Musée britannique

Semblable à Reine d’Angleterre du point du vue de sa composition, Musée britannique se présente comme une succession de pièces de formats variables, enchaînant courts essais en prose et poèmes réduits à leur minimum : un ou quelques vers isolés sur la page. Comme Reine d’Angleterre, Musée britannique revisite les genres : poétique, didactique, épistolaire.

Cette façon à la fois délicate et fragile d’agencer des textes de genres différents témoigne, pour ce qui est du poème, d’une méthode singulière de composition : Jørn H. Sværen explique qu’il commence par collectionner des mots et des phrases, il les écrit sur des petits bouts de papier et les dispose sur une table. Il les déplace, essaie différentes combinaisons, les place les uns sous les autres, les uns à côté des autres, puis les assemble par pages et ainsi de suite jusqu’à ce qu’un chapitre ou un petit livre à la fin soit écrit. (Cf. Bulletin n°29.)

Du côté de la prose, l’œuvre de Jørn H. Sværen pourrait être rattachée au genre hantologique : le passé ancien (du souvenir personnel) et antique (de l’Histoire), en lequel la prose puise ses motifs, suscite une impression de rêve et de distance qui la ferait appartenir au domaine de la narration.

Ainsi l’opposition entre passé « narratif » de la prose et présent « intemporel » du poème caractérise-t-elle deux régimes d’écriture distincts, que l’auteur s’évertue à maintenir séparés jusque dans le traitement de la question du sens. Le poème demeure énigmatique en ce qu’il déjoue toute tentative d’interprétation. Il ouvre sur le blanc de la page : « la poésie est le bouclier vide » (Musée britannique, p. 101). Dans la prose au contraire les images, représentatives et symboliques – l’emblème dans Reine d’Angleterre, l’héraldique dans Musée britannique –, convoquent un sens rituel et conventionnel qui relève de l’herméneutique.

Ce qui ferait cependant la particularité de Musée britannique par rapport à Reine d’Angleterre est le soin porté à articuler les deux plans que nous venons de distinguer. Dans le chapitre intitulé « Mots et actes », l’auteur parle de sa méthode de travail et décrit « l’histoire » de certains vers publiés dans Reine d’Angleterre ; dans le chapitre intitulé « Cher Stein » il revient sur le rapport entre livre, poème et lettre expliquant ainsi la présence de fragments de correspondance dans ses livres ; dans « Figures » ou « Clef héraldique » il livre sa définition du poème.

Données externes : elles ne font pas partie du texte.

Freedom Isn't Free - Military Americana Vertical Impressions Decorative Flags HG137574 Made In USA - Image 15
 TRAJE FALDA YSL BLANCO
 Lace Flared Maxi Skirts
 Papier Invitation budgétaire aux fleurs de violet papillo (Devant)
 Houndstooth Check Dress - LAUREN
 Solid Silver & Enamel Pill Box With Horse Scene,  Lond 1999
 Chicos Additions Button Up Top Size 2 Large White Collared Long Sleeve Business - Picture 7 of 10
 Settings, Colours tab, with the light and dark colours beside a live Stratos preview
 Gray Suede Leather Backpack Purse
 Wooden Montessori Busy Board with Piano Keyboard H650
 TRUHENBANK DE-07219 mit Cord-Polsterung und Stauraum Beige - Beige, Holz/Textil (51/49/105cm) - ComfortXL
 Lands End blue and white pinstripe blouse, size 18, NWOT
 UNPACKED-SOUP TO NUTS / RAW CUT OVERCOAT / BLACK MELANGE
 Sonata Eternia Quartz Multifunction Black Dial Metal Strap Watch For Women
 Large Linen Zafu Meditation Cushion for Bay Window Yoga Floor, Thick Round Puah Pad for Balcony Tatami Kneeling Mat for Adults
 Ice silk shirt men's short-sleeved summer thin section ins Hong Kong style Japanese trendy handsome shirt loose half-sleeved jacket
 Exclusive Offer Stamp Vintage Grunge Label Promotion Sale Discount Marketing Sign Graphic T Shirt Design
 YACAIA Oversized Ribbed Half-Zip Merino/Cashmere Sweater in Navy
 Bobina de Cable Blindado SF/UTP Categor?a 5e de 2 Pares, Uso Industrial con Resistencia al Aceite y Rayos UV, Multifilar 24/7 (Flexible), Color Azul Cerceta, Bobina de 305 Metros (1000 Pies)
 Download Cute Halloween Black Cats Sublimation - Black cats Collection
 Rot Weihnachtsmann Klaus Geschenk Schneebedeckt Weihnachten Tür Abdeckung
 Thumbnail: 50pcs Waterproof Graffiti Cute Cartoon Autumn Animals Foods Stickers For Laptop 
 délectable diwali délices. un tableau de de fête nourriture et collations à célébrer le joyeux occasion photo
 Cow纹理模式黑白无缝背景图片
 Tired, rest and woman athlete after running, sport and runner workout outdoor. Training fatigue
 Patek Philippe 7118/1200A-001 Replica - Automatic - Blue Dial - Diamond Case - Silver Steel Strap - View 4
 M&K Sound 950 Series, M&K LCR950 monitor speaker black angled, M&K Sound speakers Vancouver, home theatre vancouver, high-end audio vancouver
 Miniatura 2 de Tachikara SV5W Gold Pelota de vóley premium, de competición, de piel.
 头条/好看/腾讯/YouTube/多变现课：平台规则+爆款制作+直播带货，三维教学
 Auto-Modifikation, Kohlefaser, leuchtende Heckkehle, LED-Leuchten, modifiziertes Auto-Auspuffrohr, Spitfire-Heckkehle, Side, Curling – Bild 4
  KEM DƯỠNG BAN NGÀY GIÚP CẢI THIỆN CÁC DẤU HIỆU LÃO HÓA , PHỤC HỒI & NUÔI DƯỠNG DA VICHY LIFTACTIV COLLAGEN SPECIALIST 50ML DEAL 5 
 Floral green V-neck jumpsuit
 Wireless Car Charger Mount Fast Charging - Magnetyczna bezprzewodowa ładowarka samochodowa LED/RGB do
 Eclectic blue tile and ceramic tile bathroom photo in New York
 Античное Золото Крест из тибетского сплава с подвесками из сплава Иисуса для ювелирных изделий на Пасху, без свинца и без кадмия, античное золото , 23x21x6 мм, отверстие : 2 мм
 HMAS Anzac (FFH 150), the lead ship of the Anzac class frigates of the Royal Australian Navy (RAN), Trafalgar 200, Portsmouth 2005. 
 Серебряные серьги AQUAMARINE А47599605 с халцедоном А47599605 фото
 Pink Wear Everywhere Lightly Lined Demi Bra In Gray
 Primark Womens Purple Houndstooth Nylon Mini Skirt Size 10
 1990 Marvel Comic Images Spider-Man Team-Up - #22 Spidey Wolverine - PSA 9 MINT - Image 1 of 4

C’est ainsi que, dans Musée britannique, l’articulation entre les différents registres d’écriture gagne en cohésion par rapport au livre précédent ; les vides et les pleins (« Blanc et noir ») se conjuguent, composent une architecture subtile et unifiée. Les frontières ou jointures entre les pièces du puzzle désormais s’expliquent ; la rigueur de leur agencement invite à un parcours de lecture plus orienté et qui semble conduire à un possible dénouement.